• _WHAT THIS TASK INVOLVES_
Of the records that follow, copy only the lines from the line containing "유록동 스카이차 업체" to the line containing "Rescued cats at", both included, exactly as written.

----------

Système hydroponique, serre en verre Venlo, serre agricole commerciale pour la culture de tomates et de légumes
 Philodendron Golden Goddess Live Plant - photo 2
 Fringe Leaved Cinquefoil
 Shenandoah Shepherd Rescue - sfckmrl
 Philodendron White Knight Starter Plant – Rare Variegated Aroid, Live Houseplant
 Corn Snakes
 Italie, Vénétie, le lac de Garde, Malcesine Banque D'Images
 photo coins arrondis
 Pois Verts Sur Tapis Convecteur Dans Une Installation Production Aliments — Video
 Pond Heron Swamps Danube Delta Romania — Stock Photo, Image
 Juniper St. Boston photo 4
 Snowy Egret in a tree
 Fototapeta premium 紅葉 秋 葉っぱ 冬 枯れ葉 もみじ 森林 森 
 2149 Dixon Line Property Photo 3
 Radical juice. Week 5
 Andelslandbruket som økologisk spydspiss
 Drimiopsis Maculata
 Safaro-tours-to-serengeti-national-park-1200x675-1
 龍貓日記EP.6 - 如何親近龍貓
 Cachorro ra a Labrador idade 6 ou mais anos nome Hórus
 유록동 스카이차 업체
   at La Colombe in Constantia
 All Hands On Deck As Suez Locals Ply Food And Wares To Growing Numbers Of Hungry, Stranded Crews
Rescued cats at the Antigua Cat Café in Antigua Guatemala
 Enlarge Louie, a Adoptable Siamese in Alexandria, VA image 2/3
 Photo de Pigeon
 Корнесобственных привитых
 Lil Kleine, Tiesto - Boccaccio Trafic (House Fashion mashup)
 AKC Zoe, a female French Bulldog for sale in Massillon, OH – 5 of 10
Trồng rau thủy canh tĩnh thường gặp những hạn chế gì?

----------

• _WRITTEN ANSWER_
 유록동 스카이차 업체
   at La Colombe in Constantia
 All Hands On Deck As Suez Locals Ply Food And Wares To Growing Numbers Of Hungry, Stranded Crews
Rescued cats at the Antigua Cat Café in Antigua Guatemala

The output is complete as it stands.